■ Exercise aim
Take the line that contains "(서울=뉴스1) 김지영 디자이너" and each line after it to the end of the material below, and return them exactly, minus the pictures.

--------------------------------------------------

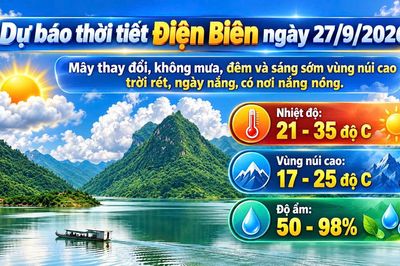 Bản tin Dự báo thời tiết ngày 27/9/2026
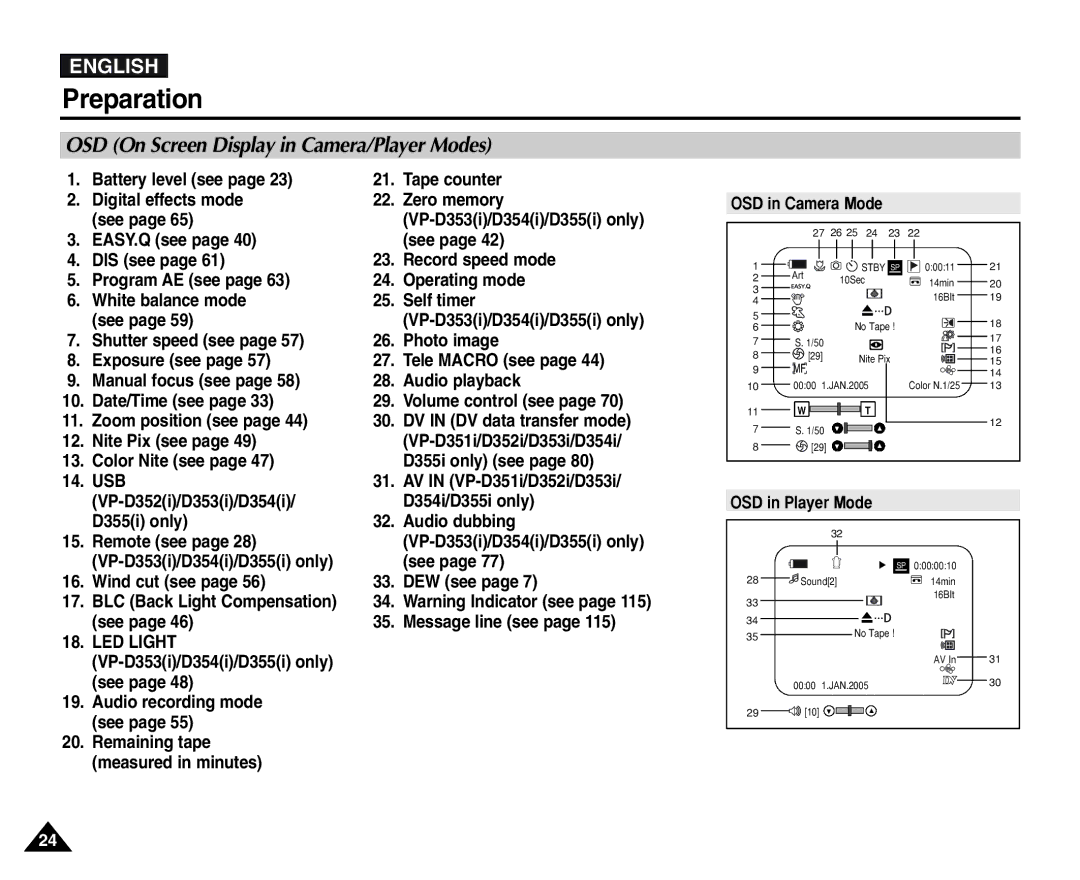 Samsung D354(i), VP-D351(i), D353(i), D355(i), D352(i) manual OSD On Screen Display in Camera/Player Modes 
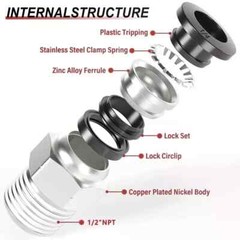 Air Line Tubing Kits 1/4” OD 50ft Nylon Hose 1/2” NPT Push to Connect Fittings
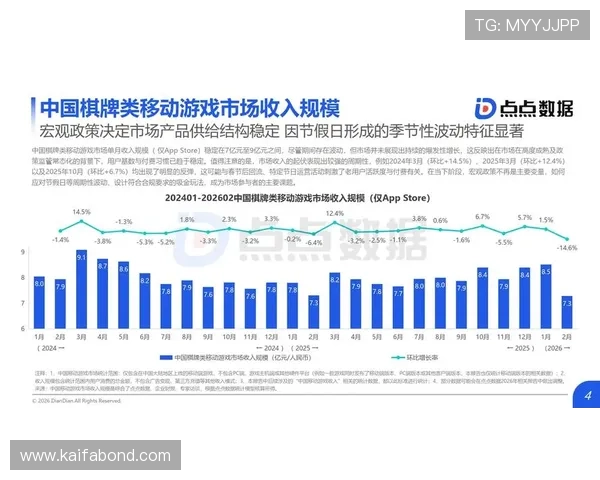 探索k8游戏平台未来发展方向与创新功能，掌握行业最新动态与趋势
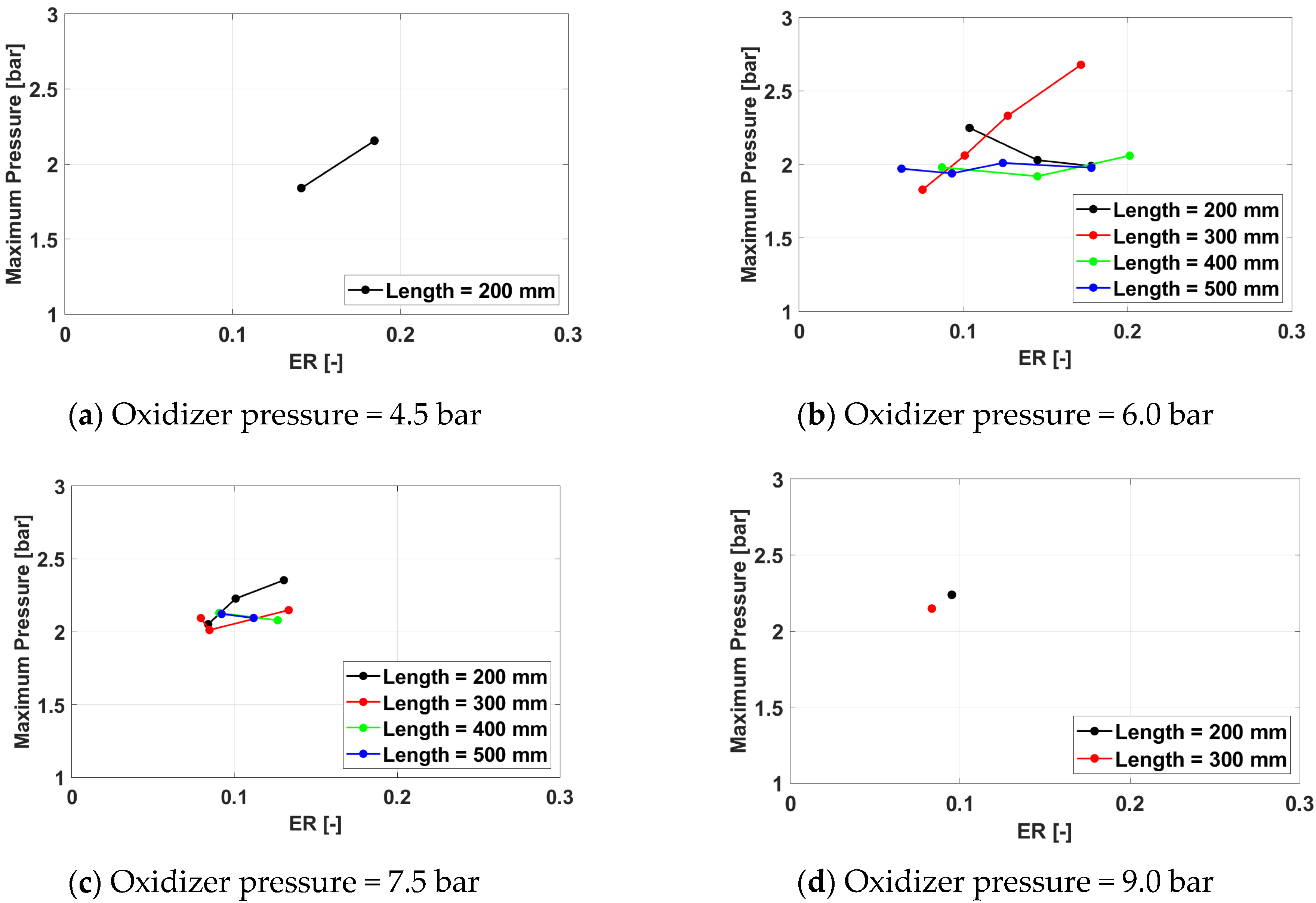 Aerospace 11 00465 g028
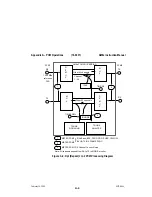 Preview for 131 page of AMERITECH AM8a Instruction Manual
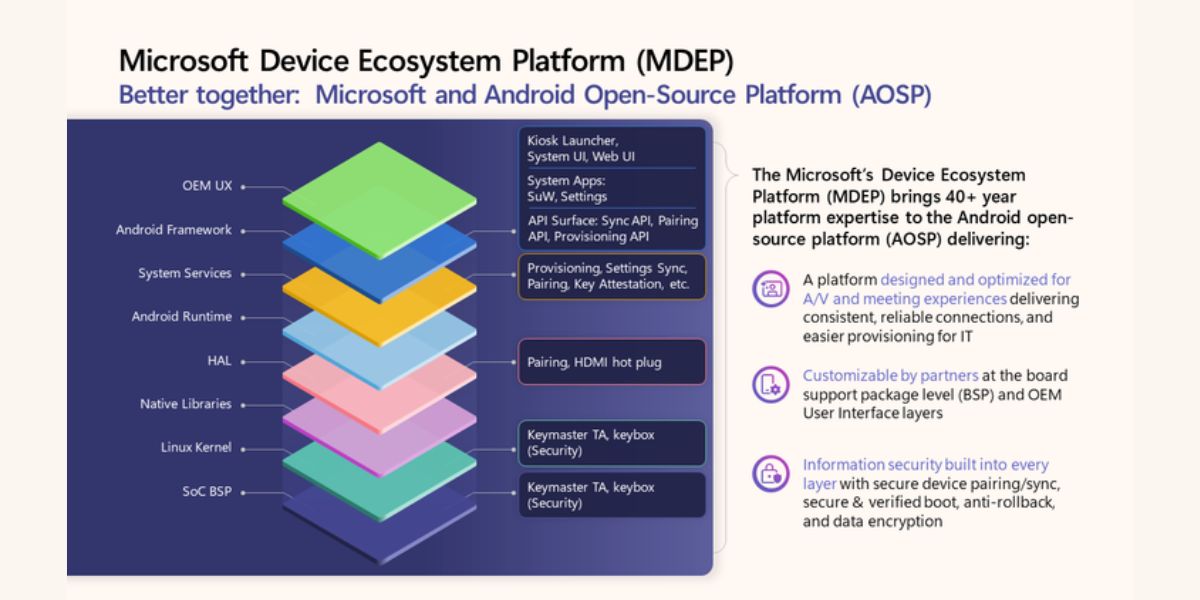 Shure Joins the Microsoft Device Ecosystem Platform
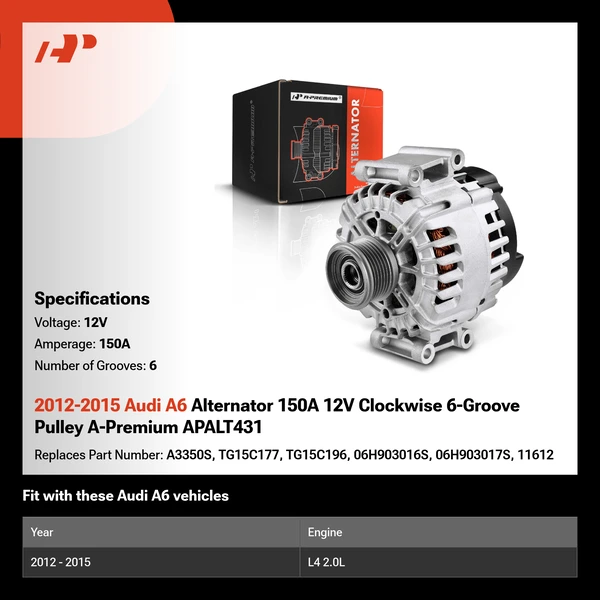 2012-2015 Audi A6 Alternator 150A 12V Clockwise 6-Groove Pulley A-Premium APALT431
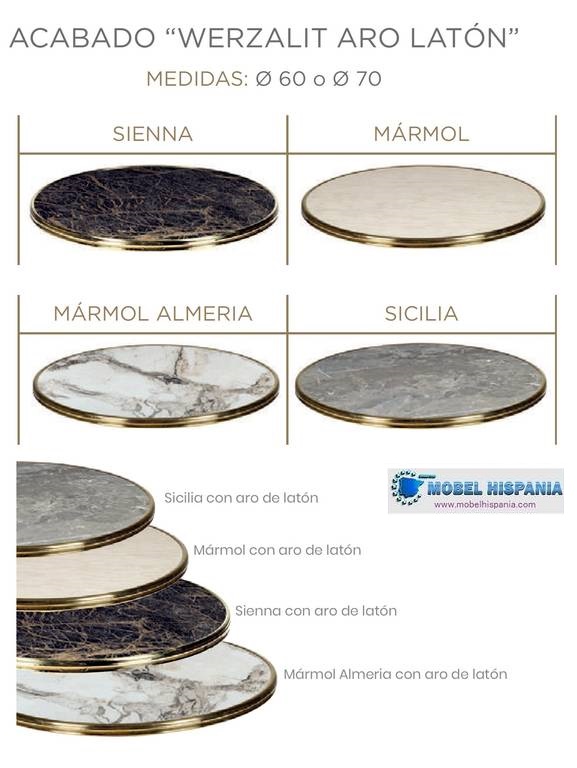 werzalit-aro werzalit aro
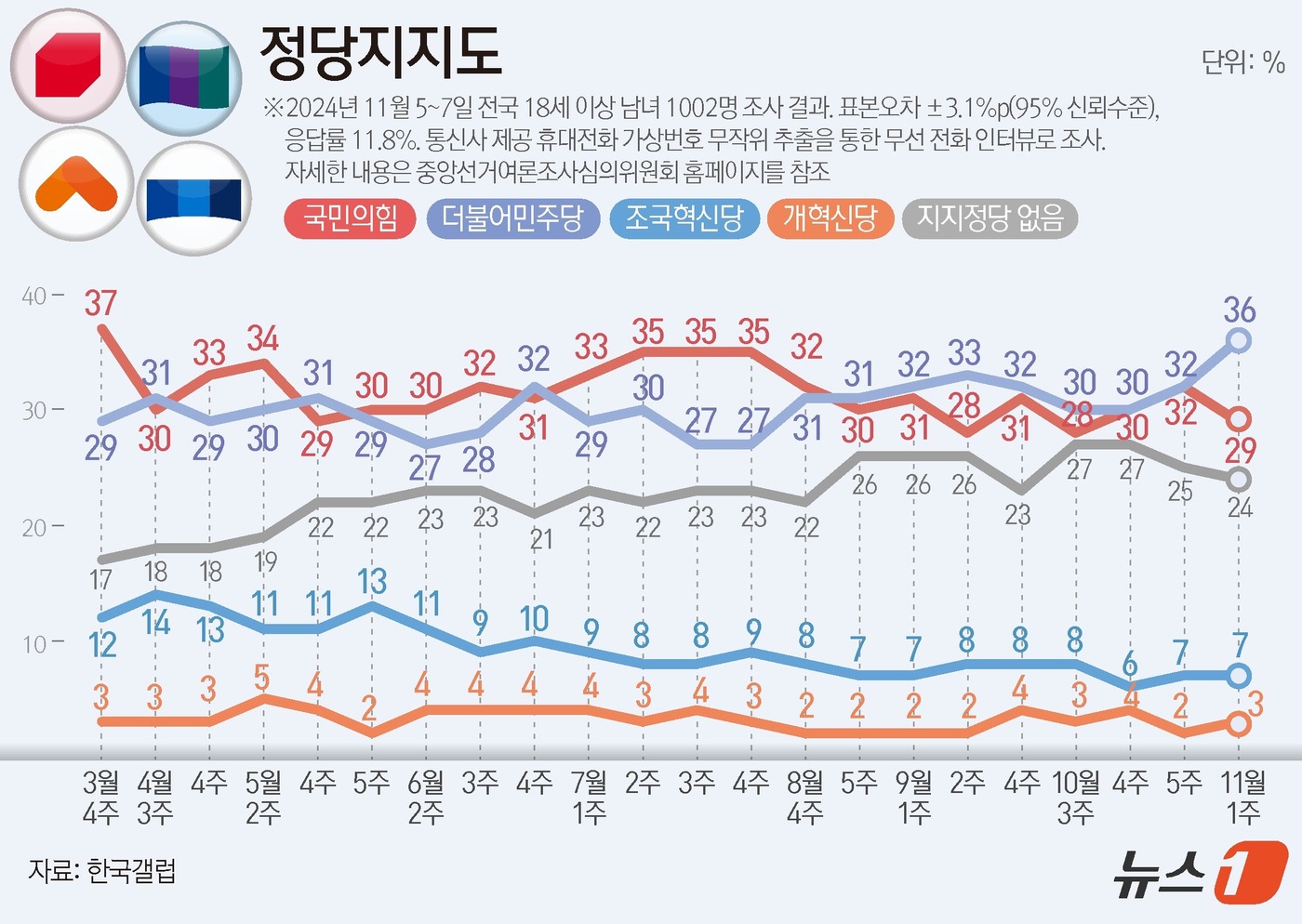 (서울=뉴스1) 김지영 디자이너 = 한국갤럽이 지난 5~7일 전국 만 18세 이상 남녀 1002명을 대상으로 진행한 정당 지지도 조사 결과, 국민의힘이 29%, 민주당은 36%로 …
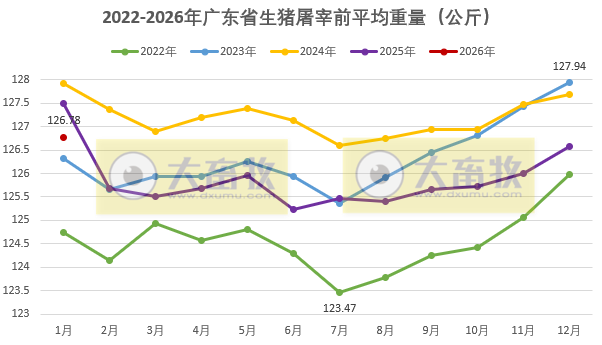 广东省2026年1月生猪屠宰量及生猪产品价格情况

--------------------------------------------------

■ Answer box
 (서울=뉴스1) 김지영 디자이너 = 한국갤럽이 지난 5~7일 전국 만 18세 이상 남녀 1002명을 대상으로 진행한 정당 지지도 조사 결과, 국민의힘이 29%, 민주당은 36%로 …
 广东省2026年1月生猪屠宰量及生猪产品价格情况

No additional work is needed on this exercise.